* [WHAT YOU WILL DO]
The output should be the listing below, limited to the lines from the one with "Pioneer Arms GROM" through the one with "Hawai'i Kapa Christmas", exact and without pictures.

***** GIVEN RECORDS

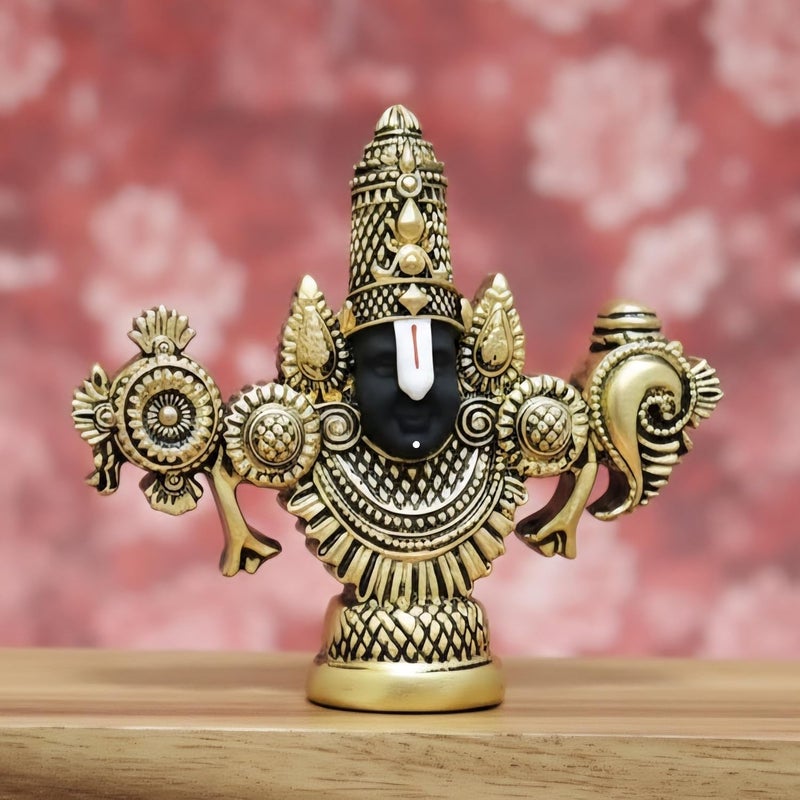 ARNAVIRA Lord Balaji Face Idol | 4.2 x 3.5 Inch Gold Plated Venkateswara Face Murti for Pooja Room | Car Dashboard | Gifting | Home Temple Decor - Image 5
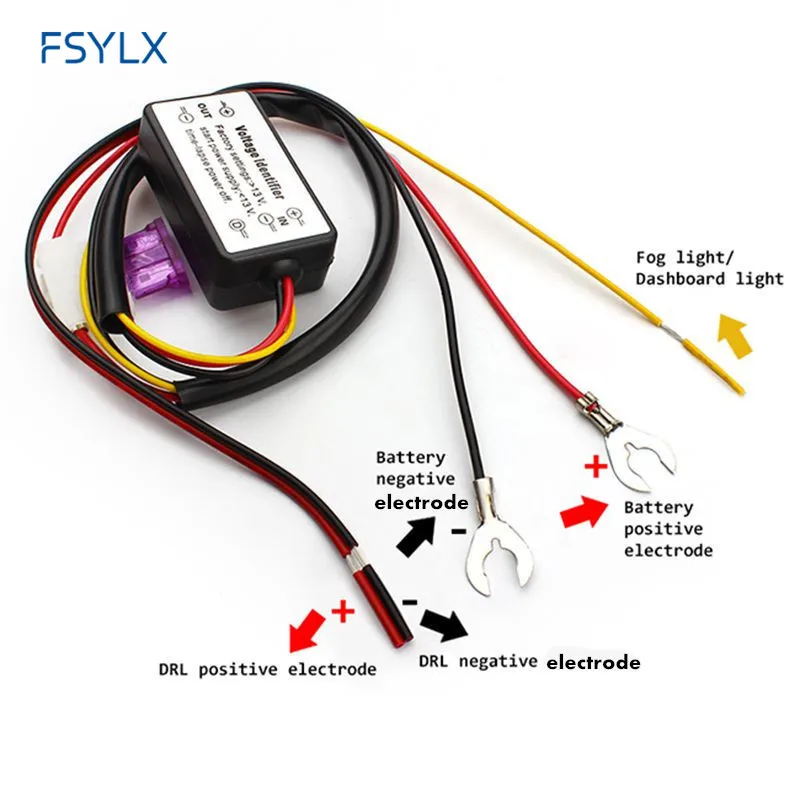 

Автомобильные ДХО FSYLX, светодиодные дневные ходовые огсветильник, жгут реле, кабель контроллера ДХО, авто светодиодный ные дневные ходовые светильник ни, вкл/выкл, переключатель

**********
***** GIVEN RECORDS

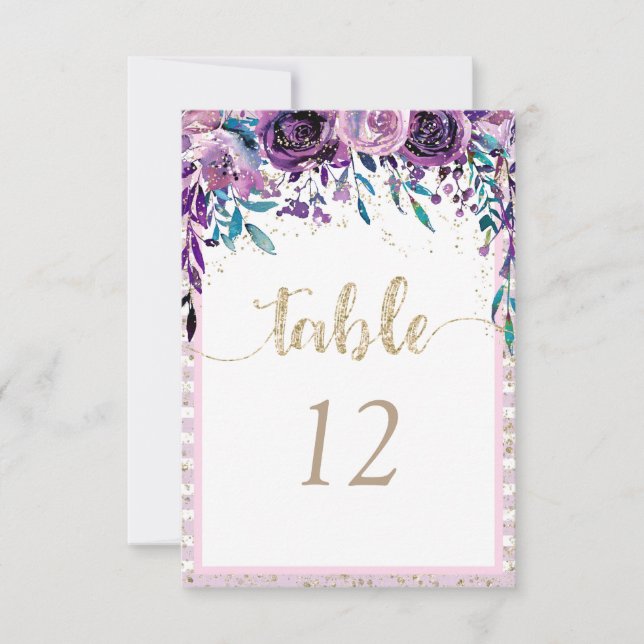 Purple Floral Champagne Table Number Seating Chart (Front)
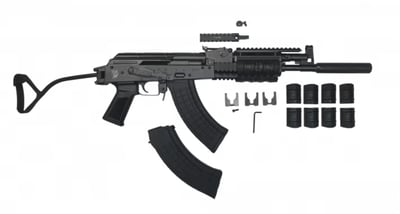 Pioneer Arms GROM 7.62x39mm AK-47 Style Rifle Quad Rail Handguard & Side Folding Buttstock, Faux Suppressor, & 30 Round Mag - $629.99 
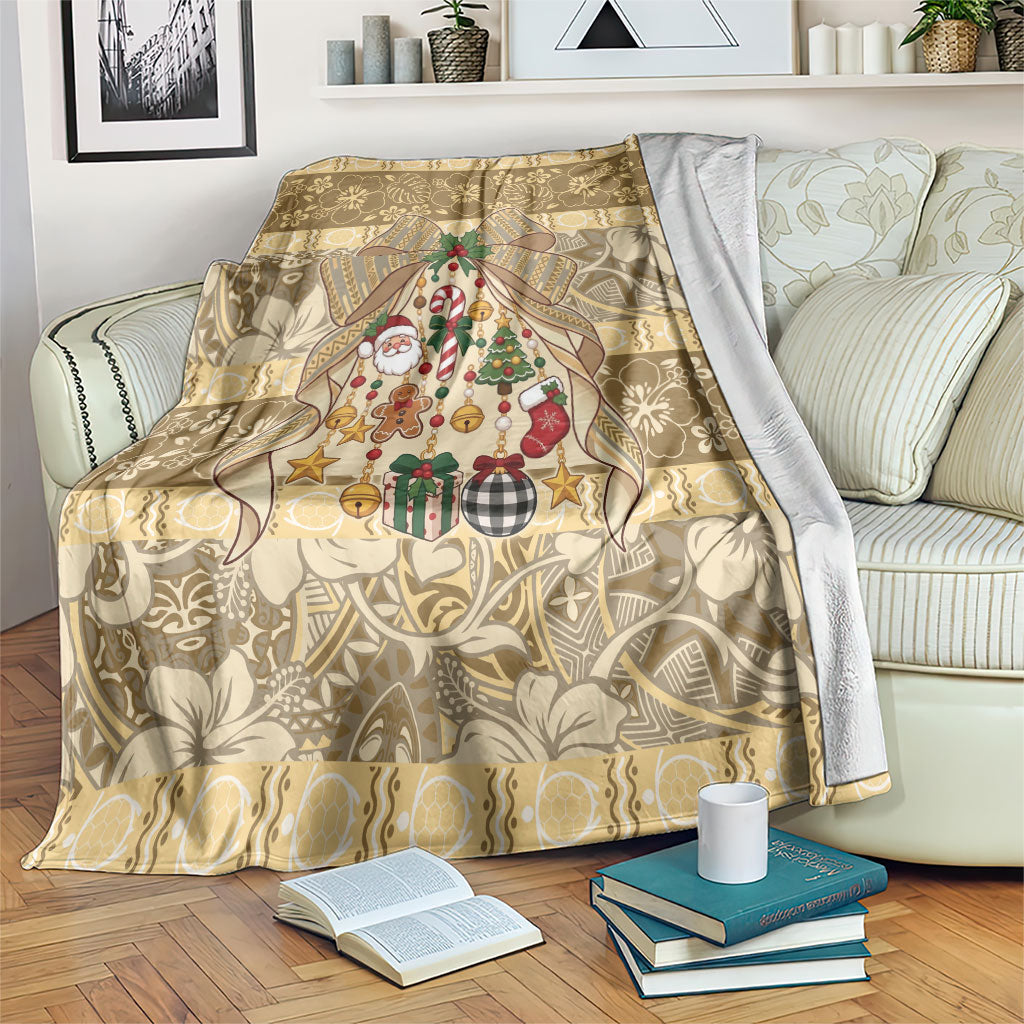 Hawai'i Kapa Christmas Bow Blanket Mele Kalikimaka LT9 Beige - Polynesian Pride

**********

* [EXERCISE RESULT]
 Pioneer Arms GROM 7.62x39mm AK-47 Style Rifle Quad Rail Handguard & Side Folding Buttstock, Faux Suppressor, & 30 Round Mag - $629.99 
 Hawai'i Kapa Christmas Bow Blanket Mele Kalikimaka LT9 Beige - Polynesian Pride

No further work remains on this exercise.